In an accompanying editorial, Barry Popkin, director of the Interdisciplinary Obesity Center at the University of North Carolina at Chapel Hill, wrote that reducing meat intake would have benefits beyond improved health.
Livestock increase greenhouse gas emissions, contributing to global warming, he wrote, and nations should reevaluate farm subsidies that distort prices and encourage meat-based diets.
“We’ve promoted a diet that has added excessively to global warming,” Popkin said in an interview.
While I absolutely believe that our exorbitent slaughterhouse ranches contribute significantly to local pollution due to waste runoff seeping into groundwater, lakes, streams, and homes, there doesn’t seem to be a way to accurately calculate methane contribution to “global warming” from cattle alone. Yes, methane is toxic. In a recent article discussing vegetarianisms contribution to saving the world, the author postulates that we currently have 100 milloin head of cattle in America awaiting slaughter or for dairy, yet in the time of pre-colonization Native American Indian-ness, there were easily 100 million head of bison roaming. Okay, but what there wasn’t were 6.5 billion+ people, cars, planes, chemical plants etc.
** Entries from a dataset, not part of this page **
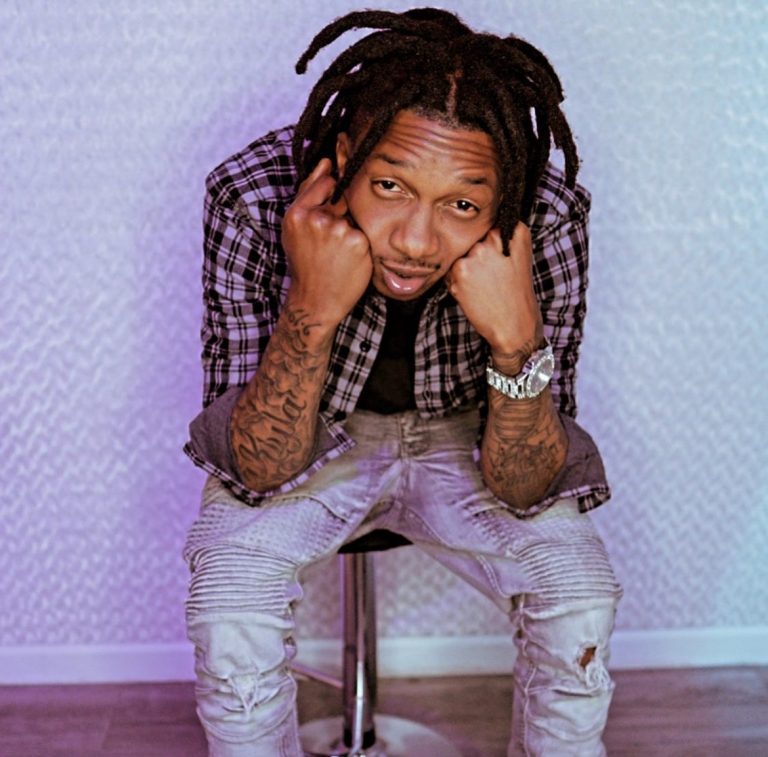 Frankco305 Drops New Freestyle Via Overlooked Heroes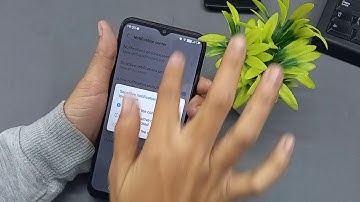 How To Stop Notifications In Tecno Spark Power 2 Air | Tecno spark 5 notification Off Kaise Kare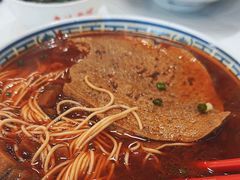 -鲁达面馆本帮风味(共康东路店)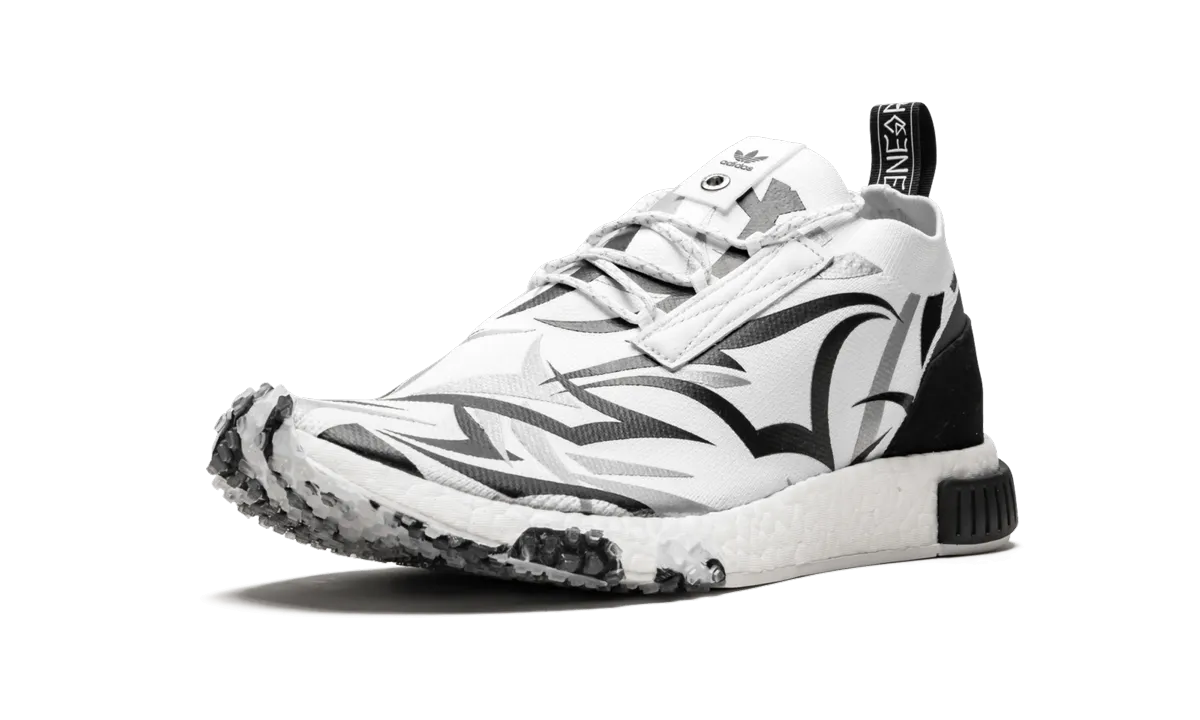 NMD Racer Juice Anti Slip Feature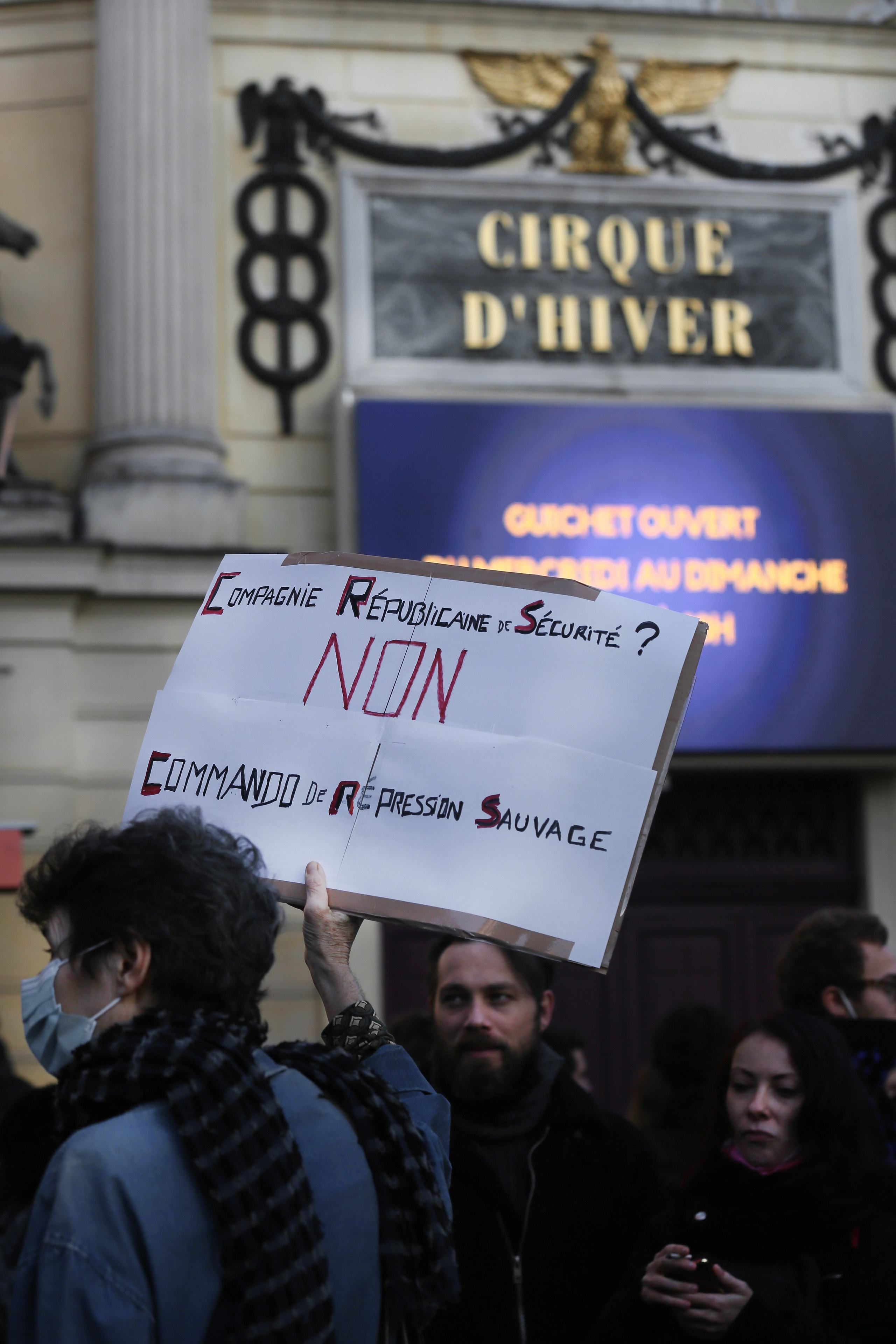 2/3 DE VIE. Natalia Bogdanovska. Films et photographie corporate en France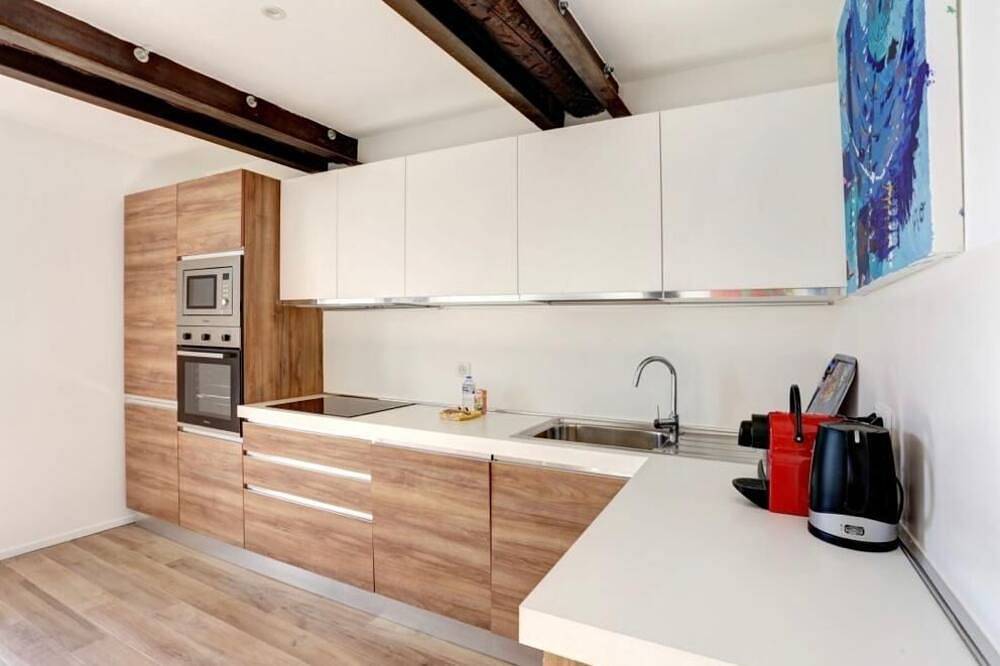 Photo : Appartement de vacances
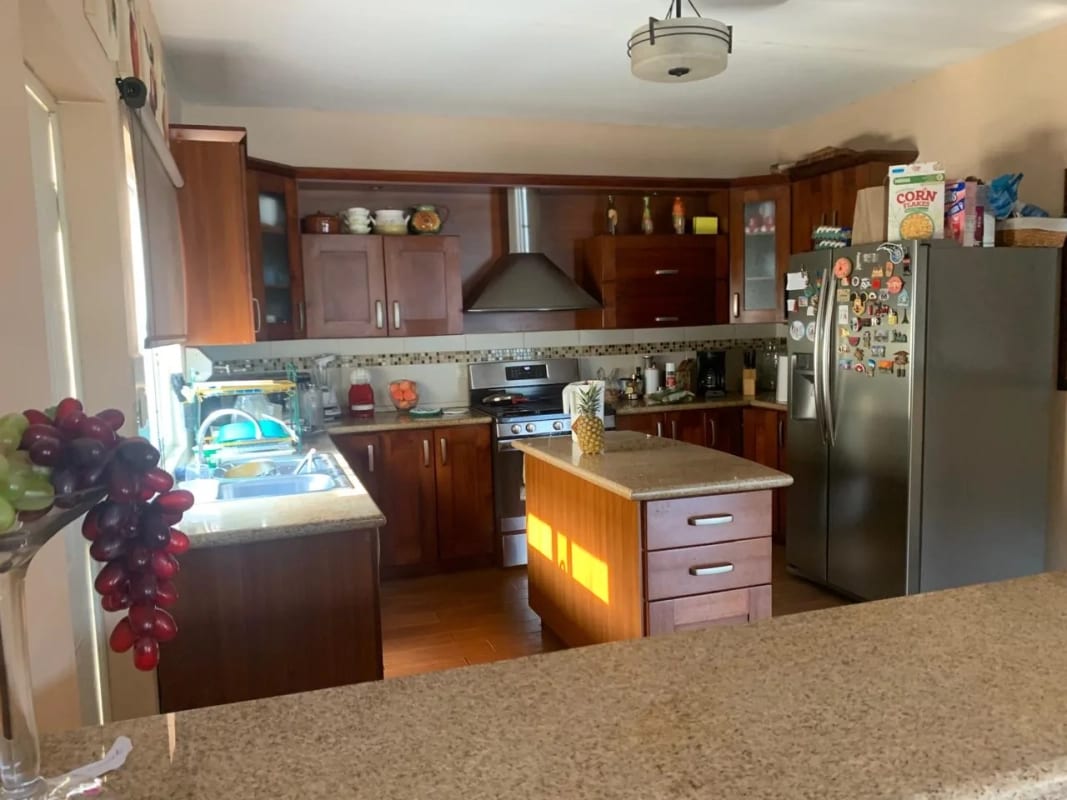 CASA VENTA MARIAS DEL SOL KM 20 a FRAIJANES — Casa en Venta en Marias del Sol, Carretera a El Salvador, Guatemala, Ciudad — foto 9 de 17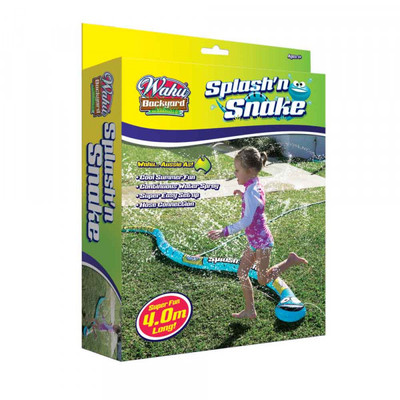 Britz Splash'N Snake Britz Splash'N Snake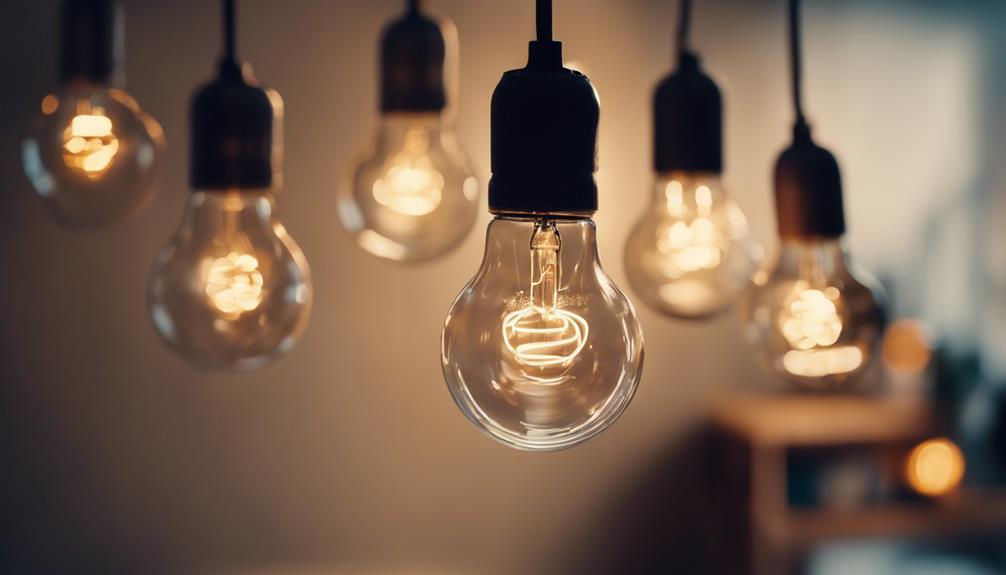 top 15 stylish lightbulbs listed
Our diet has promoted excessively to global pollution not only from our meat obsession, but also from our obsession of having whatever we want whenever we want regardless of native plant population or season, thereby necessitating excessive use of freight shipping, trucking, and importing- all of which pollute.
Successfully shifting away from red meat can be as easy as increasing fruits and vegetables in the diet, said Elisabetta Politi of the Duke Diet and Fitness Center in Durham, N.C.
“I’m not saying everybody should turn into vegetarians,” Politi said. “Meat should be a supporting actor on the plate, not the main character.”
I totally agree with this statement, especially for average Americans who do not weight train, bodybuild, or do Crossfit religiously. I also agree it should be done especially by increasing intake of vegetables, not breads, pastas and grains, all of which raise glycemic indexes and are being found to contribute to inflammation. (Hence eating grass fed beef, as we end up eating what the animal eats by eating the animal)
The National Pork Board and National Cattlemen’s Beef Association questioned the findings.
No, really?!?! I’m shocked!
Dietitian Ceci Snyder said in a statement for the pork board that the study “attempts to indict all red meat consumption by looking at extremes in meat consumption, as opposed to what most Americans eat.”
No, I would venture to say that what most Americans eat are the extremes in meat consumption…meat at all three meals, meat as a snack (jerky), processed meat, fast food meat…
Lean meat as part of a balanced diet can prevent chronic disease, along with exercise and avoiding smoking, said Shalene McNeill, dietitian for the beef group.
Umm…way to state the obvious.
So, what was the point of breaking down that article for you? One thing I would love to teach people to is to read articles like this objectively. It was also an opportunity to integrate my positions and viewpoints in contrast to published mainstream material.
Another thing that I hope people will learn to do is to read every label of every pre-packaged product they buy. In just the last month alone I have found (not in my own home or grocery store, of course) two mainstream food-type products to contain Sucralose (Splenda) without it being indicated on the front of the package. One was in Act II microwave popcorn Kettlecorn flavour, the other were Mission tortillas. The tortillas were marketed as being “Carb-balancing”- whatever that means- so I had to check it out. Listen, tortillas should contain 3 ingredients: Flour or corn, water, salt. These contained at least 10 ingredients, including hydrogenated oil and Poison- oops, I mean Splenda (labeled as sucralose). Needless to say I was stymied and angry.
Please please please read your packaged food labels! You are your only true defendant of your health! Make it a habit to be your own diligent advocate!